Re: PostgreSQL 8.3.3 chooses wrong query plan when LIMIT 1 added?

From: Gregory Stark <stark(at)enterprisedb(dot)com>
To: Mark Cave-Ayland <mark(dot)cave-ayland(at)siriusit(dot)co(dot)uk>
Cc: pgsql-general(at)postgresql(dot)org
Subject: Re: PostgreSQL 8.3.3 chooses wrong query plan when LIMIT 1 added?
Date: 2008-10-28 08:47:56
Message-ID: 87skqhcdhf.fsf@oxford.xeocode.com
Views: Raw Message | Whole Thread | Download mbox | Resend email
Thread:
Lists: pgsql-general


This looks like another form of the cross-column dependency problem.

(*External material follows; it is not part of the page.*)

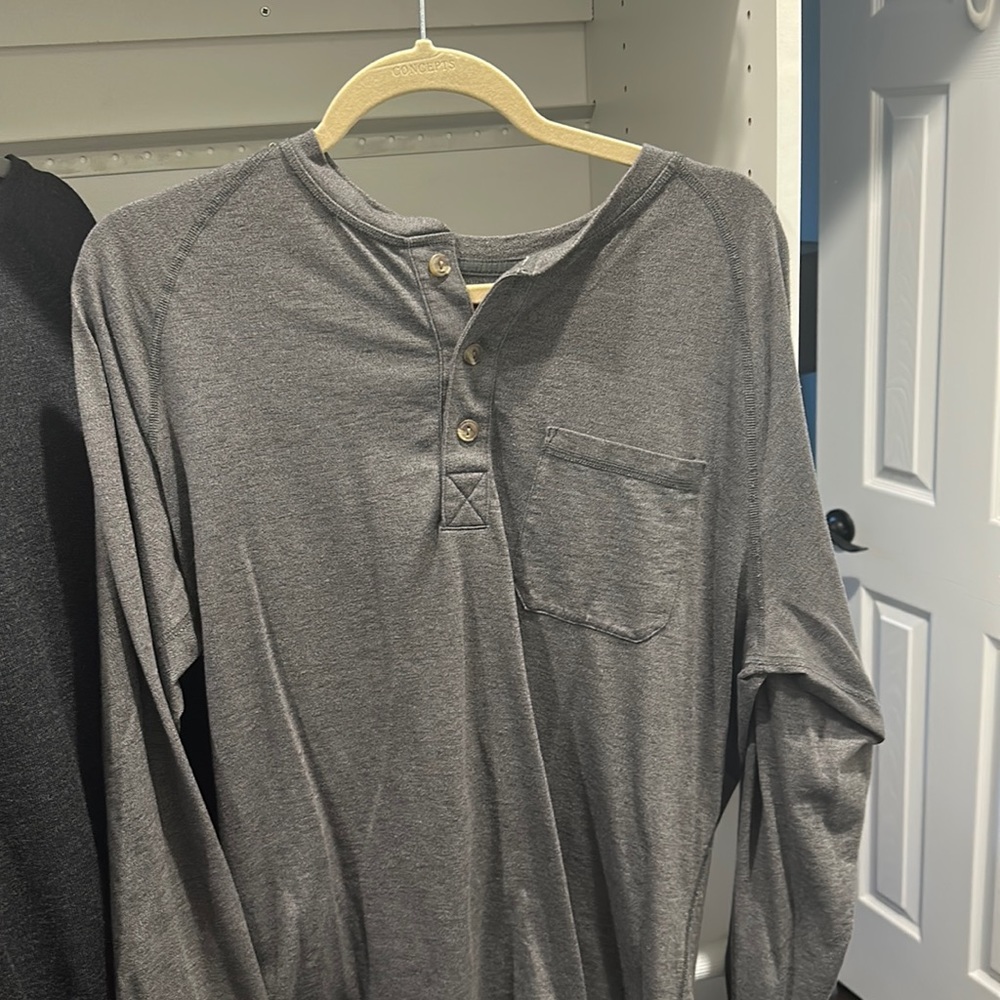 The North face Henley size large size it’s pocket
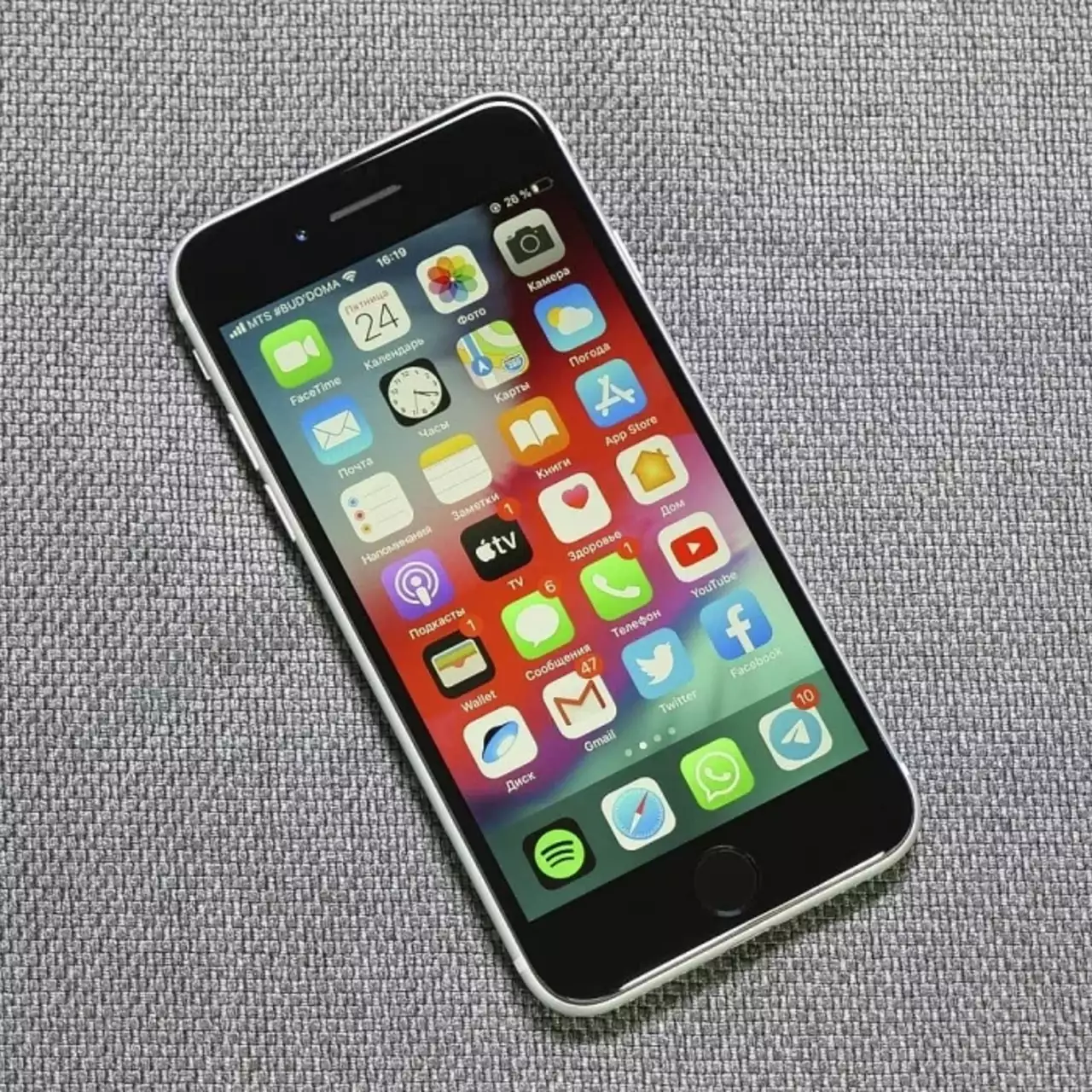 На iPhone и iPad будут предустанавливать российский софт. Но есть один момент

Postgres
is assuming that the revisions for all files will be evenly spread throughout
the date range and apparently there's a larger variety of dates than files so
it expects to find the last revision for that file fairly quickly scanning
backwards through the dates.

In fact of course files tend to be hot for a period of time and then mostly
idle, so depending on which file you pick that may work well if it's currently
hot or be absolutely terrible if it's a file that hasn't been touched
recently.

With the LIMIT Postgres favours the plan it thinks will return one row quickly
without sorting. Without it it's favouring the plan that will return all the
rows for that file_id most quickly.

I'm not sure what to suggest for this case if you can't change the data model
except perhaps increasing the statistics target.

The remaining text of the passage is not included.